WORK REQUIRED
In the records below, the lines from the one with "Hot Toys 1/6 Iron" through the last are to be printed exactly, and nothing else.

RECORD EXTRACTS: Begin

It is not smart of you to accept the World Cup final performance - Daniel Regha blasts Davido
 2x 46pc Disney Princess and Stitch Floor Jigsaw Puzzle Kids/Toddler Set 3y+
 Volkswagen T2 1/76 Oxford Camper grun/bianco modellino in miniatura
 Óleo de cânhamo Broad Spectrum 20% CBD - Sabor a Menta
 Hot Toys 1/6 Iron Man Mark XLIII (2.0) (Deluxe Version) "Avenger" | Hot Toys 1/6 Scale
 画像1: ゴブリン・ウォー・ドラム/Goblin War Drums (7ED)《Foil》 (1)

RECORD EXTRACTS: End

THE ANSWER
 Hot Toys 1/6 Iron Man Mark XLIII (2.0) (Deluxe Version) "Avenger" | Hot Toys 1/6 Scale
 画像1: ゴブリン・ウォー・ドラム/Goblin War Drums (7ED)《Foil》 (1)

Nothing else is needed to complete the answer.